Institute for Quantitative Social Science, Harvard University, Cambridge, MA, USA.
CAS Key Laboratory of Forest Ecology and Management, Institute of Applied Ecology, Chinese Academy of Sciences, Shenyang, China.
Sci Data. 2022 Feb 21;9(1):60. doi: 10.1038/s41597-022-01143-6.

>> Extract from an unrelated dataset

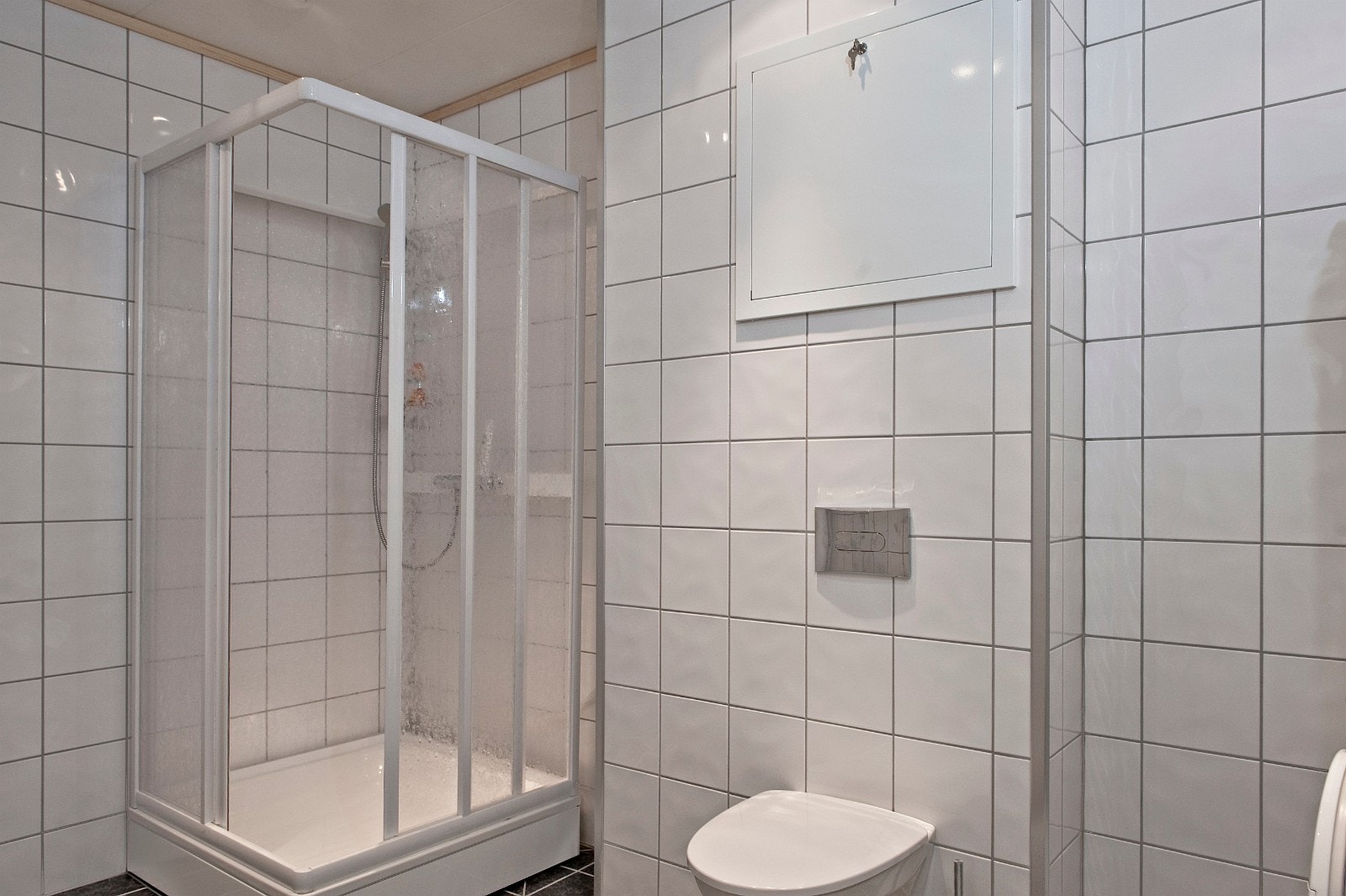 4-roms leilighet 137/142, bad Galleribilde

This article presents a study on the quality and execution of research code from publicly-available replication datasets at the Harvard Dataverse repository. Research code is typically created by a group of scientists and published together with academic papers to facilitate research transparency and reproducibility. For this study, we define ten questions to address aspects impacting research reproducibility and reuse. First, we retrieve and analyze more than 2000 replication datasets with over 9000 unique R files published from 2010 to 2020. Second, we execute the code in a clean runtime environment to assess its ease of reuse. Common coding errors were identified, and some of them were solved with automatic code cleaning to aid code execution. We find that 74% of R files failed to complete without error in the initial execution, while 56% failed when code cleaning was applied, showing that many errors can be prevented with good coding practices. We also analyze the replication datasets from journals' collections and discuss the impact of the journal policy strictness on the code re-execution rate. Finally, based on our results, we propose a set of recommendations for code dissemination aimed at researchers, journals, and repositories.
本文研究了哈佛大学数据知识库(Harvard Dataverse repository)中公开复制数据集的研究代码的质量和执行情况。研究代码通常由一组科学家创建,并与学术论文一起发布,以促进研究的透明度和可重复性。在这项研究中,我们定义了十个问题,以解决影响研究可重复性和可重用性的各个方面。首先,我们检索并分析了 2000 多个复制数据集,这些数据集包含了 2010 年至 2020 年间发布的超过 9000 个唯一的 R 文件。其次,我们在一个干净的运行时环境中执行这些代码,以评估其易用性和可重用性。我们发现,74%的 R 文件在初始执行时没有错误,但在应用代码清理时,有 56%的文件无法完成,这表明许多错误可以通过良好的编码实践来预防。我们还分析了期刊集合中的复制数据集,并讨论了期刊政策严格程度对代码重新执行率的影响。最后,基于我们的研究结果,我们为研究人员、期刊和知识库提出了一系列代码传播建议。